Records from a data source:
=-=-=-=-=
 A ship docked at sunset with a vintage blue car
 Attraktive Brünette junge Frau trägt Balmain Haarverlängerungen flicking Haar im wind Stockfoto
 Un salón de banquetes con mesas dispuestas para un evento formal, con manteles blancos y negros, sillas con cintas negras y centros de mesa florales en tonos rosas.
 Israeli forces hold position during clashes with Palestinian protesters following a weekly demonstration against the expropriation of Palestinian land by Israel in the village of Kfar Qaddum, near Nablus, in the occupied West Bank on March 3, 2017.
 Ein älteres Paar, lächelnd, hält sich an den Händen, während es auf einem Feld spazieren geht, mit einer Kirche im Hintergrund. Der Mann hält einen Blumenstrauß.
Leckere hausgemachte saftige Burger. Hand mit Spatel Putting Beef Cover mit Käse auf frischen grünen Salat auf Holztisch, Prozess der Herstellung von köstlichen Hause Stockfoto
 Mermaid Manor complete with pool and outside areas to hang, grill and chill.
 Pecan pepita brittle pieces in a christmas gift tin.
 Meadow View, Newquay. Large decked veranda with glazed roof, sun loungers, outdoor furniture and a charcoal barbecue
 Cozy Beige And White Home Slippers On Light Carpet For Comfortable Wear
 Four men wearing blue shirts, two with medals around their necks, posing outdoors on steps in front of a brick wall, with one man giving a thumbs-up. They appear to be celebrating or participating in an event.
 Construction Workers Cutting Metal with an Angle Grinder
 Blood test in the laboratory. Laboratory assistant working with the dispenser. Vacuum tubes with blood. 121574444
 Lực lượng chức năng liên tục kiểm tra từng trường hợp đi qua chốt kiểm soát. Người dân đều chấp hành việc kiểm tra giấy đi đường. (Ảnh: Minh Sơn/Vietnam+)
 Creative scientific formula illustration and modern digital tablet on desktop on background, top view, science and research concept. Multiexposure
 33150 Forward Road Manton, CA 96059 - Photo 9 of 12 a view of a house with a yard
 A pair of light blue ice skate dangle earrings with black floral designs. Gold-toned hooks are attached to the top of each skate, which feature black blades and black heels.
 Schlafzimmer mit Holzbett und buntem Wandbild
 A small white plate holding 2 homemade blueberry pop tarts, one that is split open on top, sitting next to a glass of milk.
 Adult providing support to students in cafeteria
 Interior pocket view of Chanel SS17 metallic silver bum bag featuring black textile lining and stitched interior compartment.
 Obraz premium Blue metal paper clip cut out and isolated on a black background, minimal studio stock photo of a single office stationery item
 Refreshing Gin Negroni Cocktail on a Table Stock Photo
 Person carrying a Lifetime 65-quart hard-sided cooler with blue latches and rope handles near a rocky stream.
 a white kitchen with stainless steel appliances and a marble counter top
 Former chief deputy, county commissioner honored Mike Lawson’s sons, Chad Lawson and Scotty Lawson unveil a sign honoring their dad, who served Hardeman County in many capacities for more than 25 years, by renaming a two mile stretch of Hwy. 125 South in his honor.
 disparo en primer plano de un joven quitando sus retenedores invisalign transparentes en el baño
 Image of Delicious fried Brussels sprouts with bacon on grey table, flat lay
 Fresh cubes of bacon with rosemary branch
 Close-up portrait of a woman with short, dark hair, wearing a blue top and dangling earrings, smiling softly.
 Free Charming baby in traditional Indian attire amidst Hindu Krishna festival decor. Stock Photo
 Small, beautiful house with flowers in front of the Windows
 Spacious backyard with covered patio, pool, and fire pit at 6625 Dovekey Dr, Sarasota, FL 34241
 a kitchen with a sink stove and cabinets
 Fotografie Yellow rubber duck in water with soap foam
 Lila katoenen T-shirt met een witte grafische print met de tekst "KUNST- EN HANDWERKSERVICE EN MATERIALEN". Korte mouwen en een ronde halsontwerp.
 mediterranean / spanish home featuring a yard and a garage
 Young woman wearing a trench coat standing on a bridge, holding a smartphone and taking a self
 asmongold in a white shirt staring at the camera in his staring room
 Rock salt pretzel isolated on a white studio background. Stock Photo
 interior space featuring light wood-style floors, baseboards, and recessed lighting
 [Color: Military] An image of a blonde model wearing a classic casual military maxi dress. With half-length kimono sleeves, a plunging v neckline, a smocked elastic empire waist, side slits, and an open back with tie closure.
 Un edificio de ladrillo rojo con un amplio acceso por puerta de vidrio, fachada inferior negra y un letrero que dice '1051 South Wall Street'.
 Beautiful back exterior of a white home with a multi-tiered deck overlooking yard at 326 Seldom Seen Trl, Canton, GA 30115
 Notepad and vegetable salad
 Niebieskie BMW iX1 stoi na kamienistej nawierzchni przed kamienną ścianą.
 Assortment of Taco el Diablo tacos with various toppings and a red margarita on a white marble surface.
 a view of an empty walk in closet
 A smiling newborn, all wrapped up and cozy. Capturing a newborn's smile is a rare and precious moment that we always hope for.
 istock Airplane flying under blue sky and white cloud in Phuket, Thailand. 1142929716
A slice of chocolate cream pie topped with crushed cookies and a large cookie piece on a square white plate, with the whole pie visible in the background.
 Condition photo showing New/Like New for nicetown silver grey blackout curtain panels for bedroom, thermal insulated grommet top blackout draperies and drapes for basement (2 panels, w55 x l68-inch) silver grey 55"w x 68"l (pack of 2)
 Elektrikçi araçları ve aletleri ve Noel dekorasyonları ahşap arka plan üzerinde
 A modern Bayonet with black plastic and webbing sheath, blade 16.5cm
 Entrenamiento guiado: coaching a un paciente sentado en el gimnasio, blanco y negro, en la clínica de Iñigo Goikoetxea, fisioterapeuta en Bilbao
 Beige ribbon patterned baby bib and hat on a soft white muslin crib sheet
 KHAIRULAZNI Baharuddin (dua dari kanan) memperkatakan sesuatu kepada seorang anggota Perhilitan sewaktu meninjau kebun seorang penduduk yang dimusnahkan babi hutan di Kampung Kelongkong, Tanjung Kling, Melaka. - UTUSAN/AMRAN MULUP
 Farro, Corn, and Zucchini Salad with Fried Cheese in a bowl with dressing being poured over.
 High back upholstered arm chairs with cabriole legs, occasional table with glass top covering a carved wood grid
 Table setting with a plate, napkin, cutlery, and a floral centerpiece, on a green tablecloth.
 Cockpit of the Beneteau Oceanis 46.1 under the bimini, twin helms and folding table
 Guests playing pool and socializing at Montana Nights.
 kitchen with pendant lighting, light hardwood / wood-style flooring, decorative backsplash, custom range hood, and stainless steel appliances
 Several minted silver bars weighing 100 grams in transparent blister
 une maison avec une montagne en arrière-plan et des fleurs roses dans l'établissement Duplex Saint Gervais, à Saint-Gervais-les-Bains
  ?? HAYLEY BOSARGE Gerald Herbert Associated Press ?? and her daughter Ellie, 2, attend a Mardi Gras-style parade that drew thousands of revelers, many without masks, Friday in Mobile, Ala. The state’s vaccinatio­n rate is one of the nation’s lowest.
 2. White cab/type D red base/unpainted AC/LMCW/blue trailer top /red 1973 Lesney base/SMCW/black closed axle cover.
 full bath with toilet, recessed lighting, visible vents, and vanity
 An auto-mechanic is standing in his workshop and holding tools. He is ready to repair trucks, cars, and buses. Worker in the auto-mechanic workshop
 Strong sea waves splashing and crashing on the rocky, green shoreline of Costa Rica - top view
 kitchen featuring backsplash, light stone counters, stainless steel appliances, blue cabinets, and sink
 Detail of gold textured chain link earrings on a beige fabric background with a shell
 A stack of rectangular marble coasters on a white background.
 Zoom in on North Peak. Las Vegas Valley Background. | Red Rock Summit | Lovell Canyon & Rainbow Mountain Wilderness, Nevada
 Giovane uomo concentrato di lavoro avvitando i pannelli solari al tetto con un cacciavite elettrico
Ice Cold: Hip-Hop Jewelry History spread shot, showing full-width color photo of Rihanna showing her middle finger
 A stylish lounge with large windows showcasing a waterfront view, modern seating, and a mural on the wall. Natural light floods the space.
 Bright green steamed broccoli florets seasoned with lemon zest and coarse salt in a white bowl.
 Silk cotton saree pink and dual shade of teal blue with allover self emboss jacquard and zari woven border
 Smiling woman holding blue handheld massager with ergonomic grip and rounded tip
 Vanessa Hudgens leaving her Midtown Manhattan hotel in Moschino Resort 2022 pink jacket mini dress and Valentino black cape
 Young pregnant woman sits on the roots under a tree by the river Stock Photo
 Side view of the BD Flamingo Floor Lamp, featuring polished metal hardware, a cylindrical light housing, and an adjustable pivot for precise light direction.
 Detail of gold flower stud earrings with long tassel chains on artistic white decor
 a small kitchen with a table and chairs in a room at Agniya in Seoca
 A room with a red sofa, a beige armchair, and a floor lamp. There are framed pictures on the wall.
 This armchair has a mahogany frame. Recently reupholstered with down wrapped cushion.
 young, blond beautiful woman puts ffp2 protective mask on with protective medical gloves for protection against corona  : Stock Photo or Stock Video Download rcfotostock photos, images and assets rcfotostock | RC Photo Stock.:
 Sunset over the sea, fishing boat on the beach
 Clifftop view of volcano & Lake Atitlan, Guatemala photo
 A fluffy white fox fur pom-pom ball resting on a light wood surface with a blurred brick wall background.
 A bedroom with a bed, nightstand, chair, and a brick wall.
=-=-=-=-=
> **Exercise requirements**:
Above are the records; copy exactly the lines from the line with "Cockpit of the" through the line with "kitchen with pendant", both included.

> **Exercise solution**:
 Cockpit of the Beneteau Oceanis 46.1 under the bimini, twin helms and folding table
 Guests playing pool and socializing at Montana Nights.
 kitchen with pendant lighting, light hardwood / wood-style flooring, decorative backsplash, custom range hood, and stainless steel appliances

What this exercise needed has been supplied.